The sum function \(f\) is continuous and differentiable on \(]x_0-R,x_0+R[\). Moreover, the derivative \(f'(x)\) can be calculated by differentiating the sum function term by term: \[ f'(x)=\sum_{k=1}^{\infty}kc_k(x-x_0)^{k-1}. \] Note. The constant term \(c_0\) disappears and the series starts with \(k=1\). The differentiated series converges in the same interval \(x\in \, ]x_0-R,x_0+R[\); this may sound a bit surprising because of the extra coefficient \(k\).

Example

Find the sum function of the power series \(1+2x+3x^2+4x^3+\dots\)

This series is obtained by differentiating termwise the geometric series (with \(q=x\)).
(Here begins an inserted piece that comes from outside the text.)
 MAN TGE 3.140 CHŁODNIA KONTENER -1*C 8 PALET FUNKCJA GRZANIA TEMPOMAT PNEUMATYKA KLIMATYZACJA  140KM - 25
Therefore, \begin{align} 1+2x+3x^2+4x^3+\dots &= D(1+x+x^2+x^3+x^4+\dots ) \\ &= \frac{d}{dx}\left( \frac{1}{1-x}\right) = \frac{1}{(1-x)^2}. \end{align} Multiplying with \(x\) we obtain \[ \sum_{k=1}^{\infty}kx^{k} = x+2x^2+3x^3+4x^4+\dots = \frac{x}{(1-x)^2}, \] which is valid for \(|x|<1\).

In the case \([a,b]\subset\ ]x_0-R,x_0+R[\) we can also integrate the sum function termwise: \[ \int_a^b f(x)\, dx = \sum_{k=0}^{\infty}c_k\int_a^b (x-x_0)^k\, dx. \] Often the definite integral can be extended up to the end points of the interval of convergence, but this is not always the case.

Example

Calculate the sum of the alternating harmonic series.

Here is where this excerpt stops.